◆ Exercise goal: Write out the full listing exactly as given, minus the images.

——————

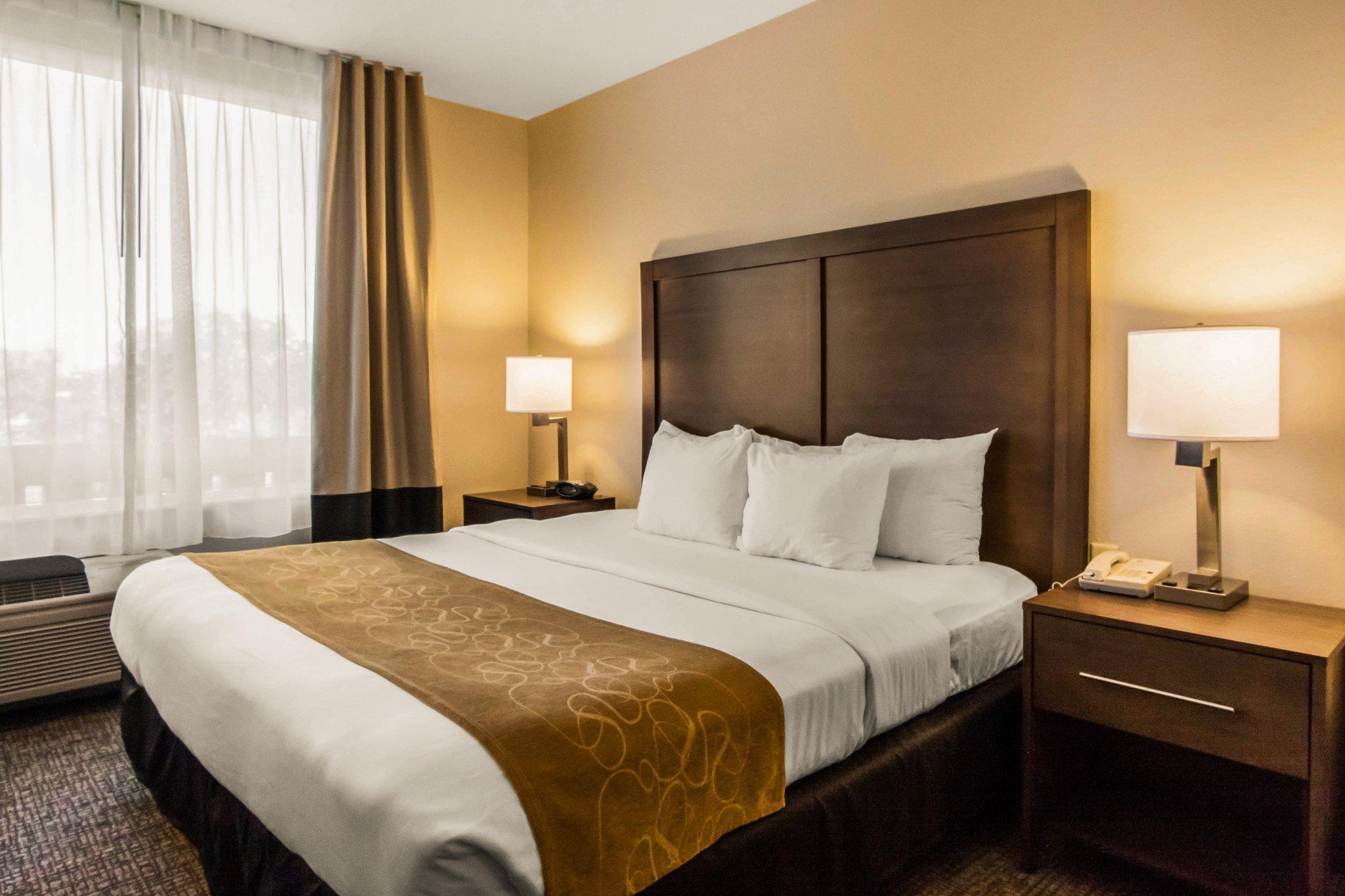 Hotel Comfort Suites Maingate East
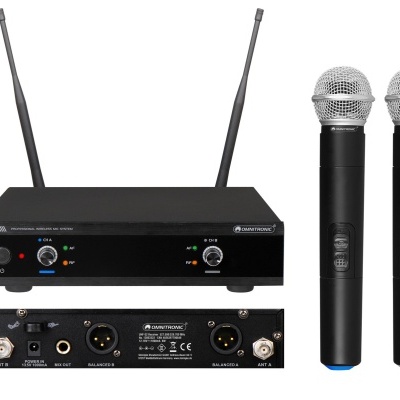 Sistema de microfone sem fios preto com dois microfones e receptor com antenas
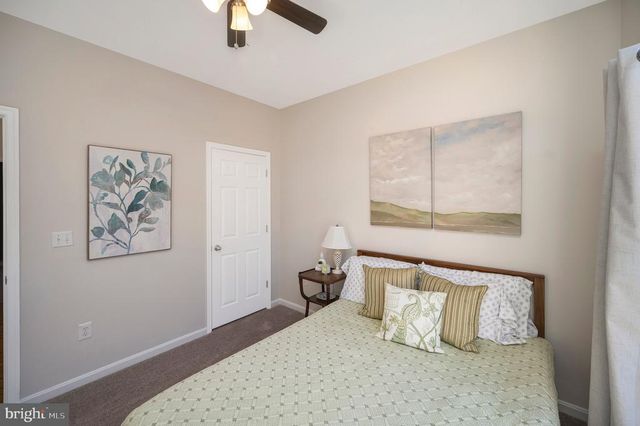 101 OAK CT, Locust Grove, VA 22508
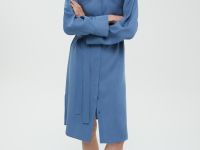 Платье с нагрудными карманами и поясом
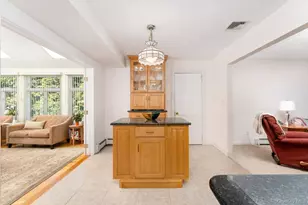 174 Cambon Ave, Saint James, NY 11780 - Photo 13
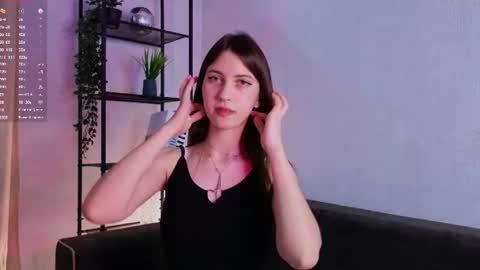 Snapshot of umbraelyon chatting on 07.04.26 Liliane online show from 07.04.26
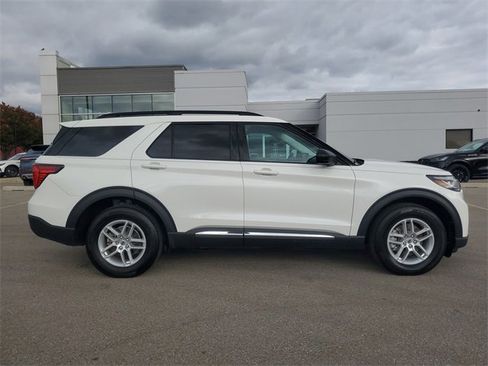 Used 2025 Ford Explorer Active image 8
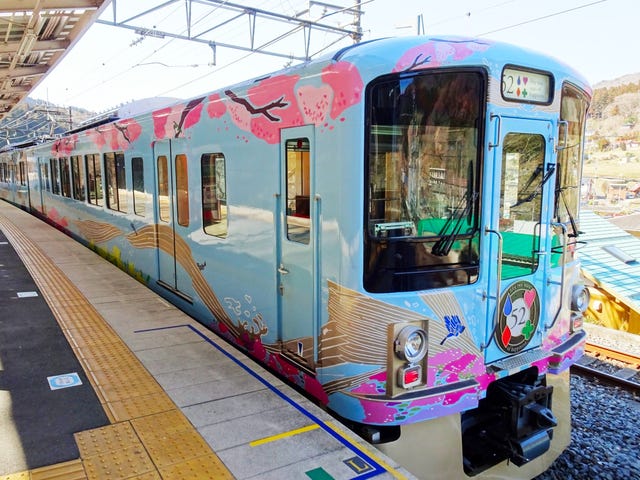 5. Seibu Traveling Restaurant “52 Seats of Happiness” / Kanto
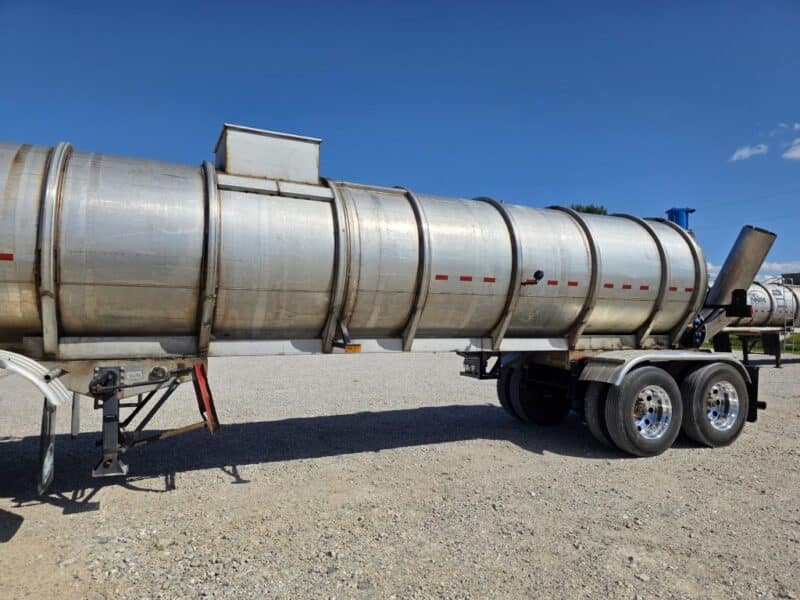 U-4815 1995 Bar-Bel 7000 Gallon Stainless Steel Semi Tanker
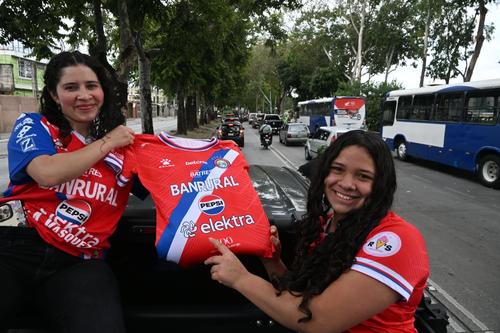 Integrantes de la familia Andrade que viajaron desde Quiché para presenciar el encuentro futbolístico. (Foto: José Luis Pos/Colaborador)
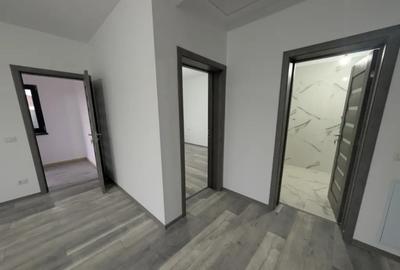 Casă cu 3 camere cu Teren 300 Mp în Central - 1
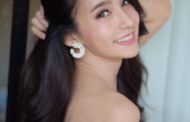 Yoshi Rinrada Thurapan - Hoa hậu chuyển giới Thái Lan khoe vòng một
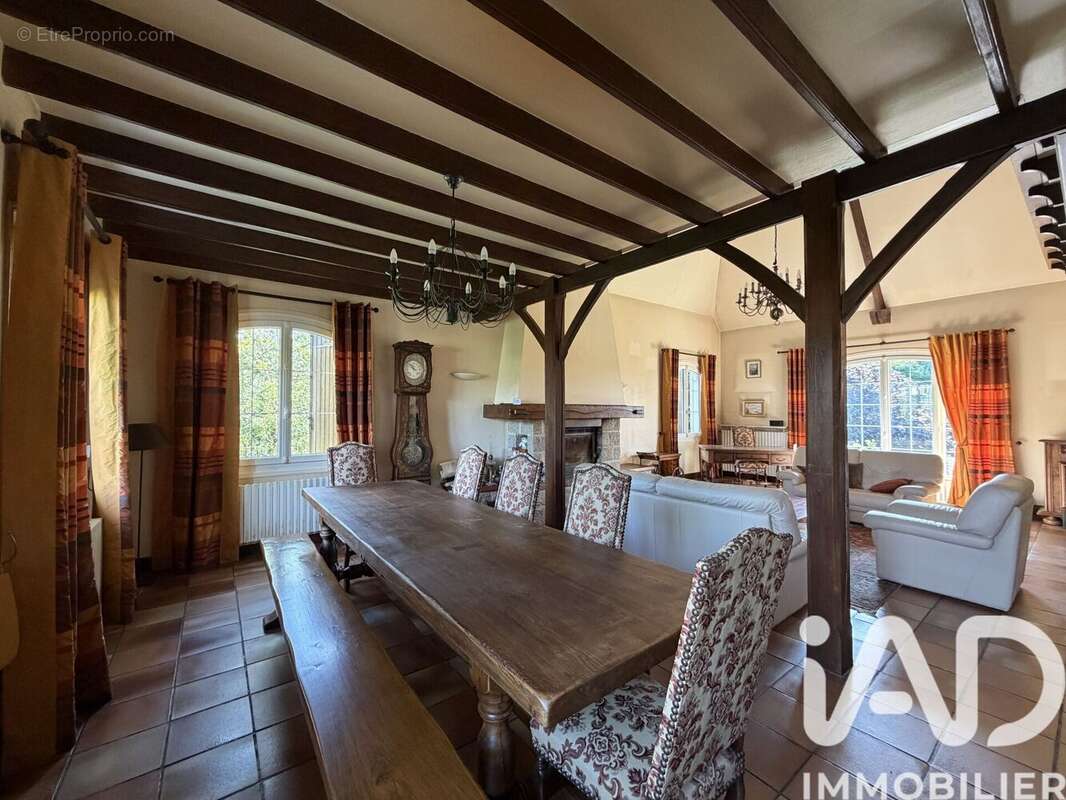 Maison 222 m² à Arconnay  - photo 5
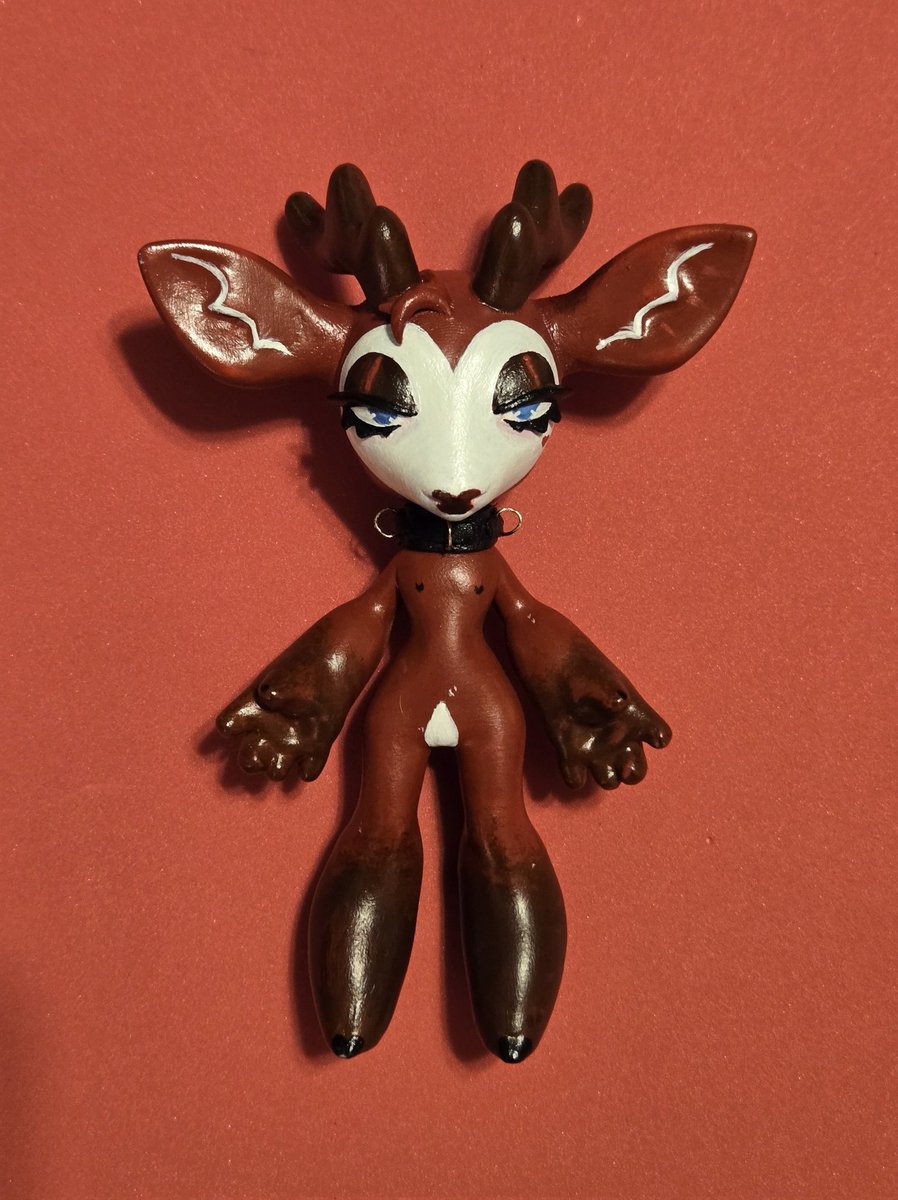 A little Valentine's Deer ❤️
3D model and all prime work and painting by me. Super happy with how he came out. 
First thing I've ever done like this.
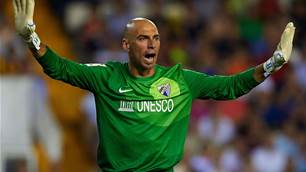 Malaga rule out selling in-demand duo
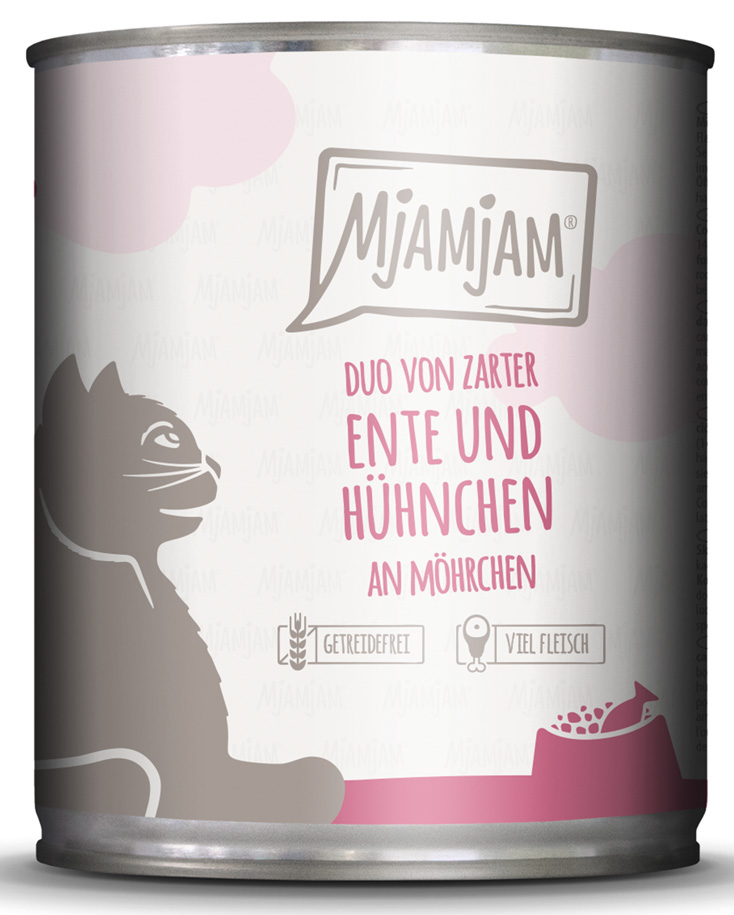 DUO von zarter Ente & saftigem Hühnchen an Möhrchen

——————

◆ Response for this exercise:
 Hotel Comfort Suites Maingate East
 Sistema de microfone sem fios preto com dois microfones e receptor com antenas
 101 OAK CT, Locust Grove, VA 22508
 Платье с нагрудными карманами и поясом
 174 Cambon Ave, Saint James, NY 11780 - Photo 13
 Snapshot of umbraelyon chatting on 07.04.26 Liliane online show from 07.04.26
 Used 2025 Ford Explorer Active image 8
 5. Seibu Traveling Restaurant “52 Seats of Happiness” / Kanto
 U-4815 1995 Bar-Bel 7000 Gallon Stainless Steel Semi Tanker
 Integrantes de la familia Andrade que viajaron desde Quiché para presenciar el encuentro futbolístico. (Foto: José Luis Pos/Colaborador)
 Casă cu 3 camere cu Teren 300 Mp în Central - 1
 Yoshi Rinrada Thurapan - Hoa hậu chuyển giới Thái Lan khoe vòng một
 Maison 222 m² à Arconnay  - photo 5
 A little Valentine's Deer ❤️
3D model and all prime work and painting by me. Super happy with how he came out. 
First thing I've ever done like this.
 Malaga rule out selling in-demand duo
 DUO von zarter Ente & saftigem Hühnchen an Möhrchen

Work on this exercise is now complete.